Bermuda has long proved a magnet for US ceded reinsurance, and according to Ronald Gift Mullins, the island's pull is growing stronger
While Bermuda's captive sector has encountered stiff competition from a number of US states, the tiny island still commands the largest share of ceded US reinsurance. And in spite of troubling US transparency laws and investigations by several government agencies, there is little doubt Bermuda will remain the country of choice for ceding US reinsurance premiums, especially as the fusing of US reinsurers continues, and few new ones are funded.
In 2003, the latest figures available, US re/insurers, according to the Reinsurance Association of America (RAA), ceded about $53.5bn in premiums to affiliated and unaffiliated alien reinsurers - companies that are domiciled outside the US. This was 15.9% above the $46.2bn reported in 2002, and more than double the $22.9bn in 1999.
If a clear distinction is made, noted the RAA, of the ultimate parent of a reinsurer, alien (or alien-owned) companies accounted for 80.4% of US premiums assumed in 2003 while US companies accounted for under 20%. In 2002, the figures were 77.1% and 22.9% respectively. About 2,350 alien reinsurance companies assumed premiums ceded from US companies.
Of premiums ceded to affiliated alien reinsurers in 2003, Bermuda ranks first with $14.2bn; second is Switzerland, $7.5bn; then Germany with $4.3bn; the UK with $1.5bn and Barbados with $1.1bn. These five countries represent more than 95% of the affiliated alien ceded premiums. The ceded premiums to Bermuda jumped close to 80% from 2002 to 2003.
Bermuda, for more than 20 years, has welcomed all kinds of insurance and reinsurance companies and is now the prime arena for formation of new insurers and reinsurers. From the early 1970s, captive reinsurers were established on the island, and the crisis in general liability in 1985 and 1986 brought forth ACE and XL. Then, following the destruction from Hurricane Andrew in 1992, seven companies were created with a total capital of $4.5bn. The 9/11 World Trade Center attack sent more than $13bn in capital to Bermuda.

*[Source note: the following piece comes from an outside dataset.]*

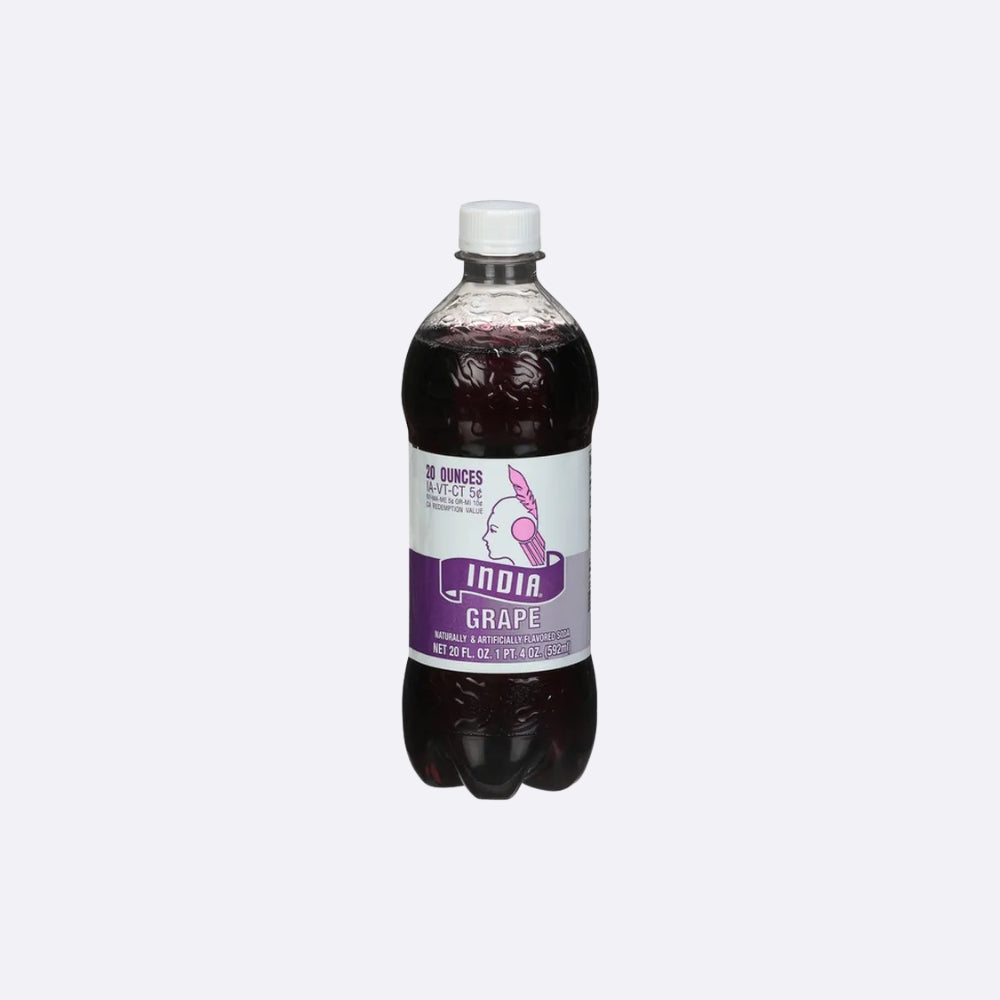 India Soda Uva Tapa Rosca - Botella X 1 Unidad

Through Sarbanes-Oxley clearly
Though Bermuda now dominates reinsurance ceded by US companies, recent problematic incidents in America may have a future dampening affect. The passage of the Sarbanes-Oxley Act in 2002 requires CEOs and CFOs of all public corporations to prepare a statement to accompany the audit report to certify the "appropriateness of the financial statements and disclosures contained in the periodic report, and that those financial statements and disclosures fairly present, in all material respects, the operations and financial condition of the issuer." Violating this provision knowingly can lead to heavy fines and litigation for a company's board of directors as well as chief officers. Sarbanes-Oxley applies to offshore public companies if they are listed on a stock exchange in the US, and while private companies are not governed by the act, many are following the rules as a good governance practice.

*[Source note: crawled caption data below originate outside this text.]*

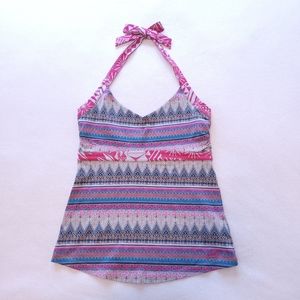 Patagonia Block Print Style Athletic Halter Tank Top SIZE Medium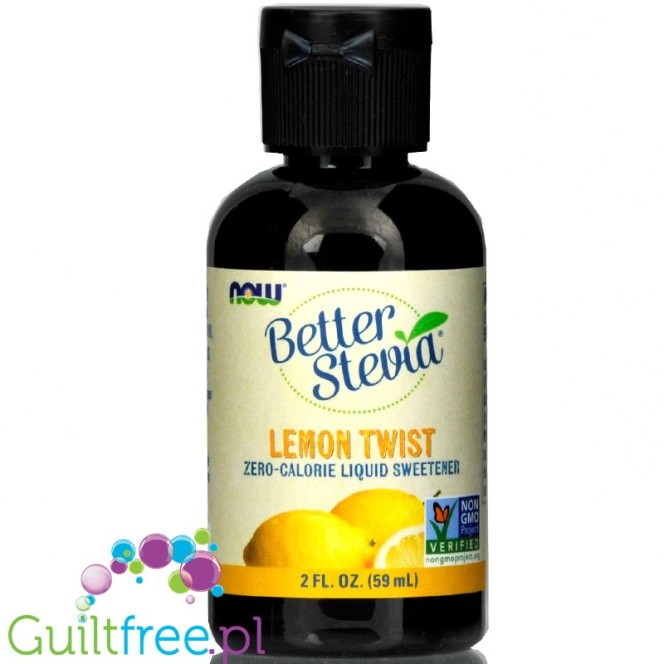 Better Stevia Liquid Lemon Twist - organiczny cytrynowy słodzik stewiowy w płynie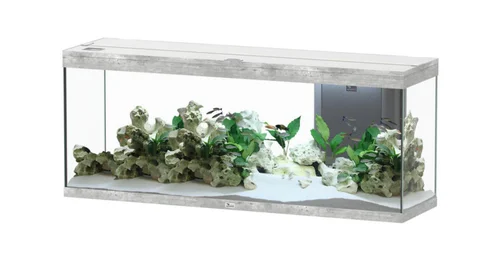 Aquarium coloris béton Aquatlantis Splendid Ultra 150 298 L - 150 x 40 x 83 cm
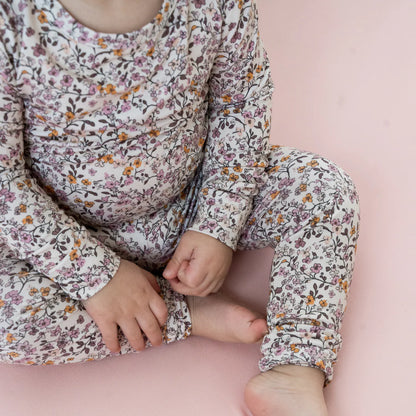 Pip + Phee 2 Piece Bamboo Pj Set in Violet Meadow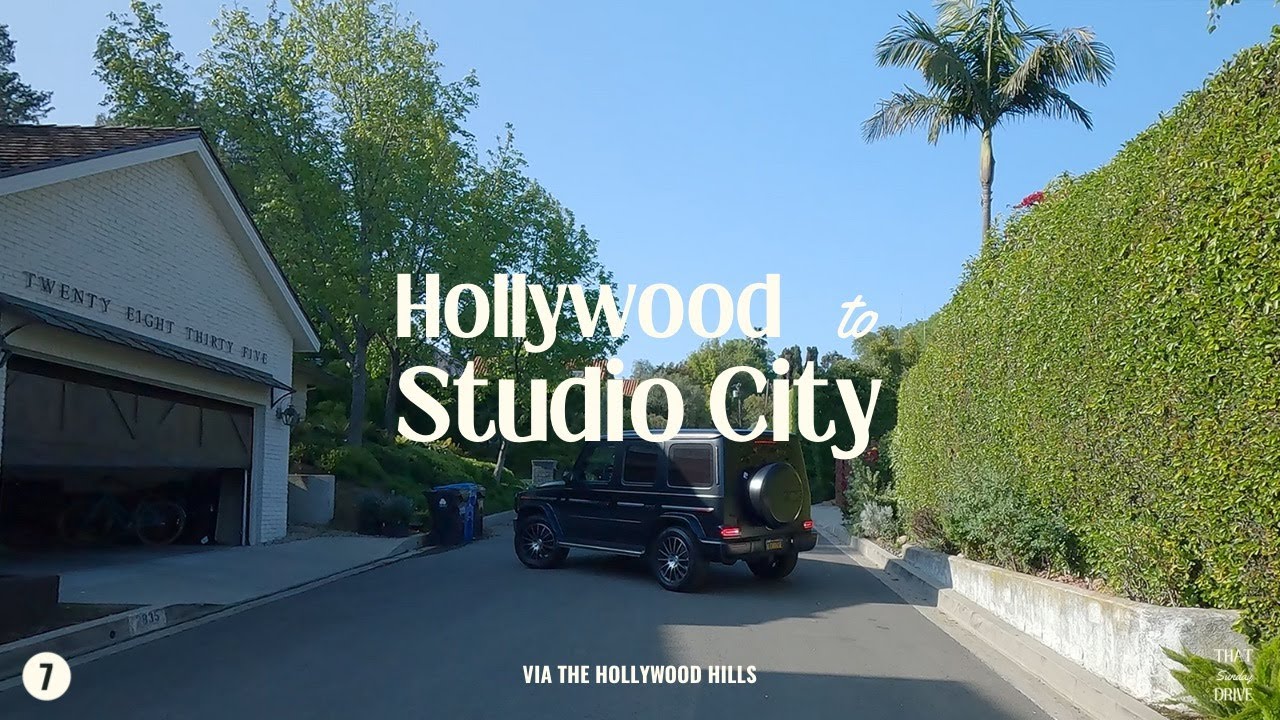 Discovering the HOLLYWOOD HILLS | Relaxing Driving ASMR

Further, since last October when a complaint was served on Marsh & McLennan Companies for accepting contingency fees, Eliot Spitzer, attorney general for New York, and others have been investigating specific reinsurance transactions, some located offshore including Bermuda. In addition, the Department of Justice, the Securities and Exchange Commission, and the New York State Insurance Department have also been actively examining insurance and reinsurance practices, again some of them within Bermuda companies. But will these on-going investigations and examinations have an insalubrious influence on the transmission of billions of reinsurance premiums to Bermuda?
Dave Bradford, executive vice president, Advisen Ltd, has no doubts that Mr Spitzer is going to turn up the heat on US companies with offshore subsidiaries, where the offshore company's financials are - or should be - consolidated with the US parent, "but I'm not sure what he is empowered to do about offshore companies operating in the US through licensed US subsidiaries. Of course, he may pressure the New York insurance regulators to tighten up on offshore companies writing in New York, but I don't know if even the New York regulators want to start that battle."
Mr Bradford does think fewer US companies are likely to establish - or at least heavily utilise - offshore subsidiaries in the current environment, "but it still appears to make sense for Bermuda companies to establish US subsidiaries."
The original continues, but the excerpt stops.